North Korea suspends plans for increased military pressure against the South
North Korea has suspended plans to increase military pressure against South Korea, after weeks of rapidly deteriorating ties which included blowing up a joint liaison office used for talks between the two sides.
The decision comes following a meeting between North Korean leader Kim Jong Un and the central military commission on Tuesday, which “took stock of the prevailing situation,” according to North Korean media Korean Central News Agency (KCNA).
Possible military plans included the North deploying units into the Mount Kumgang tourist area and the Kaesong Industrial Zone, which borders the South, and setting up police posts that had previously been withdrawn from the demilitarized zone (DMZ) between the two countries “to strengthen the guard over the front line,” according to previous reports in KCNA.

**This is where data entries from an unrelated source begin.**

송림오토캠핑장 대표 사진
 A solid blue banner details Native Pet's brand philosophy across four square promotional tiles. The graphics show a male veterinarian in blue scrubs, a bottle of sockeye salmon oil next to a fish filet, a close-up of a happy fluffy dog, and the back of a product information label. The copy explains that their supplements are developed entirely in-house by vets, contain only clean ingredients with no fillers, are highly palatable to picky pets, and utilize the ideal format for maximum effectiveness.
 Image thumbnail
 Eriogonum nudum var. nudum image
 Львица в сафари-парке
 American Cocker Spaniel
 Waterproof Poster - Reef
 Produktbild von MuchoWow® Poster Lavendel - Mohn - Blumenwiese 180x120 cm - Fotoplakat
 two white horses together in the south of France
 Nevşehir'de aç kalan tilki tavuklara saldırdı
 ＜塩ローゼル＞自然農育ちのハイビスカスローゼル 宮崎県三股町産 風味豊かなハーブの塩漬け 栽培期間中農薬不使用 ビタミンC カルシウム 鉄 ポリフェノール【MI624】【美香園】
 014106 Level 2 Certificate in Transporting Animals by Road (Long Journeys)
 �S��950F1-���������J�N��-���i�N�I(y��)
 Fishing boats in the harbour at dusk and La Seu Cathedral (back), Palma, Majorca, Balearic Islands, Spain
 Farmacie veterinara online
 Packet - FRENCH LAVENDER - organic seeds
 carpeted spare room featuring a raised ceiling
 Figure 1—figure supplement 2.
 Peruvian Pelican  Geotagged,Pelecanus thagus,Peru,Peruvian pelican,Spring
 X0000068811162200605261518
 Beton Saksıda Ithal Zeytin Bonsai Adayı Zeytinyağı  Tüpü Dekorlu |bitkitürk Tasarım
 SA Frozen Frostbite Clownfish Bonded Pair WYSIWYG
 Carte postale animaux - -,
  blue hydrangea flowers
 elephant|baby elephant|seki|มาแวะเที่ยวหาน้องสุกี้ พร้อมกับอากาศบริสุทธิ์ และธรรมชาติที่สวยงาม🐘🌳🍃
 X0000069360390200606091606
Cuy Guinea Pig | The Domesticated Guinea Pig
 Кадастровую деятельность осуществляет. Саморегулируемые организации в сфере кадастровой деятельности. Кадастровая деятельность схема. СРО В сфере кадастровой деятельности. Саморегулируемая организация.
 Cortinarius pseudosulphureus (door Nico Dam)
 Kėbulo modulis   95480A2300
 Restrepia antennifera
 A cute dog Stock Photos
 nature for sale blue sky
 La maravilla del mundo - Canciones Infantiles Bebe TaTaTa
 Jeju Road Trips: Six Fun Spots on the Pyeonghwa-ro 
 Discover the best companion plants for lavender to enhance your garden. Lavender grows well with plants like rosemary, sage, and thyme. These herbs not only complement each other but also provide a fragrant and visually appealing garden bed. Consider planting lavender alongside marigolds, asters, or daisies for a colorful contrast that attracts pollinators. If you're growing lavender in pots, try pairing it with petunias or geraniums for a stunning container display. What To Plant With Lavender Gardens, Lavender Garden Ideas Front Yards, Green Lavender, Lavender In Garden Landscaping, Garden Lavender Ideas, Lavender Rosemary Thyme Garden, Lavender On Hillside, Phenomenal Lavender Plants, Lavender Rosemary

No reason was given for the apparent pull back.
The North had signaled its initial plans to increase military pressure after a group of defectors in the South used balloons to send anti-North Korean leaflets north of the DMZ.
North Korea claimed the leaflets violated the deal Kim and South Korean President Moon Jae-in struck in 2018 at their first summit, when both leaders agreed to cease “all hostile acts and eliminating their means, including broadcasting through loudspeakers and distribution of leaflets” along their shared border.
On Monday night, a defectors’ group in South Korea sent a further 500,000 leaflets about “the truth of the Korean War” into the North.
The group said it also sent 500 booklets about “successful South Korea,” 2,000 American one-dollar bills and 1,000 SD cards, using the 20 balloons.
In retaliation to the initial leaflet drop, North Korea cut communication lines with the South and blew up the joint liaison office, which is located in the town of Kaesong just north of the DMZ.
While the office had been shut because of coronavirus and South Korean staff had not been in the building since — the destruction was symbolic as the office was meant to facilitate dialogue between the two countries.
As well as threatening increased military pressure, the Korean People’s Army reinstalled loudspeakers at the border and indicated it would launch a propaganda campaign of its own by sending millions of leaflets into the South.
While the North has framed its actions over the past few weeks as retaliatory, Pyongyang has for months voiced displeasure that its diplomacy with South Korea and the United States has not yielded relief from sanctions crippling the North Korean economy.
Talks between the countries had stalled in the months after three inter-Korean summits in 2018. And experts say it’s possible North Korea is using the current standoff to manufacture a crisis in order to gain leverage in any future negotiations, a play it has employed previously in diplomatic talks.